Figures released by the BBC under the Freedom of Information Act tell us that children too young to be prosecuted were suspected of being responsible for nearly 3,000 crimes last year. David Davis, the shadow Home Secretary, is of the opinion that this is another piece of evidence suggesting that the age of criminality is becoming younger and younger. This revelation, it has been further reported, may reignite the debate on the age of criminal responsibility. Good. It's a debate worth having.
The age of criminal responsibility in England, Wales and Northern Ireland was last lowered, to 10 from 14, in 1998. The wisdom behind this change was that straightforward "common sense" dictated that children of 10 were capable of understanding what was right and what was wrong, and facing the consequences of their immoral choices. If it is true that since this time more under-10s have been committing criminal acts, then "common sense" ought to tell us that lowering the age of criminal responsibility has not helped to steer young children away from choosing to commit crime. Certainly, it has not helped to deter many children from criminality, since although the steepest rise in youth custody took place between 1993 and 1997, the number of children in custody has remained stubbornly high since then.
The most starkly obvious example of the way in which punitive interventions can drive down the age of criminality can be seen in the trajectory of gun crime in recent years. Even though the recent wave of gun crime in Britain has decreased since its 2003 peak, it has during the same period become a more worrying and more visible phenomenon, simply because, even though the perpetrators and victims of such crimes are fewer, they are also younger.
Why has this distressing development occurred? In part, at least, it is because the introduction of a five-year mandatory prison sentence for all those found carrying guns applies only to those over 18. People under 18 have become an attractive proposition as couriers of guns for older criminals, because they can do the dirty work of more mature criminals without attracting the same risks. And while the "common sense" of the Crime and Disorder Act 1998 may dictate that an 11-year-old is just as able to understand the gravity of the crime of having or using a gun, a more common strain of common sense suggests that many 11-year-olds are not that great at controlling their destructive impulses, and the law shouldn't, even by accident, contain penalties that result in younger and younger people obtaining guns.
A breakdown of the figures on the criminal acts of under-10s confirms that "destructive impulses" are behind a lot of them, with nearly half of the crimes being not acquisitive or crimes against people, but acts of criminal damage. Again, while it is reasonable to expect that a well-adjusted and well-educated 10-year-old should not be indulging in such acts, many parents will admit that although their child of 10 or 12 or 14 is capable of starting to stamp around slamming doors because they've been told they have to tidy up their bedroom, they understand that this is not likely to remain their child's lifelong response to such requests. We make allowances for the minor antisocial behaviour of our own children, because we understand that however irritating their stroppiness may be, they are young and it is "a phase".
But telling a child they are a criminal because they have committed criminal acts, flies in the face of what good parents regard as common sense. We see that rage in our own children comes of immaturity. We understand that they are not fully in control of their responses. We know that it isn't reasonable to expect them to have fully mastered their impulses until they are round about their mid-teens – and even then they're not always entirely logical in their behaviour.

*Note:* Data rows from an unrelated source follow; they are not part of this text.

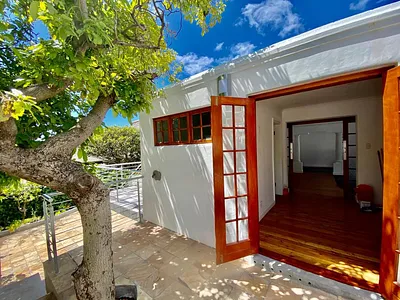 3 Bedroom House To Rent in Cape Town - lFcd.webp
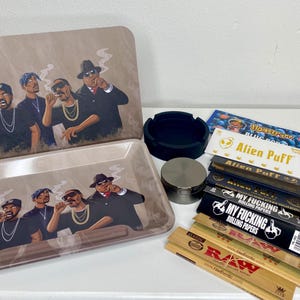 Smokers Accessories Kit Hip Hop Rolling Tin, Rizla, Grinder, Ashtray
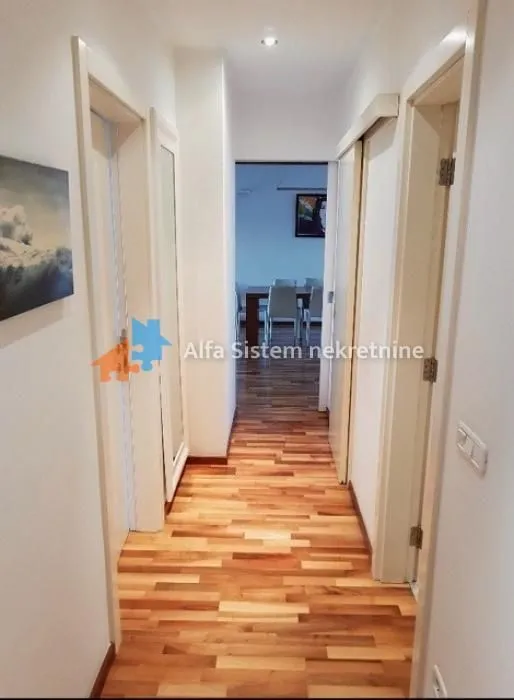 Izdavanje, trosoban stan, 130m², Stari Grad, Beograd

All the evidence suggests the children who are pushing far beyond that boundary, and behaving criminally, don't actually have the coping mechanisms that even "normal" children have at their disposal. The poorly parented, the poorly educated, the poorly socialised – they are the ones who are running amok and creating havoc. How can we tell them it is more incumbent upon them to understand right from wrong than children who have been taught right from wrong much better? If a child is behaving in that way, then "common sense" ought to tell us that it is most probably because right and wrong has not been adequately taught to them, not because they are definably deviant.
Decisive labelling of young people involved in delinquency defines them as problematic, in a way most people would recognise to be too heavy handed. Further, it actually teaches children a very dangerous thing. If a child has behaved in a fashion that he or she feels he had little or no control over, and then is told this is "criminal", then the child is being taught that his or her criminality is something over which he has no control. How can this help a child to change his ways? It cannot. Instead, it can only suggest that an attempt to change is futile.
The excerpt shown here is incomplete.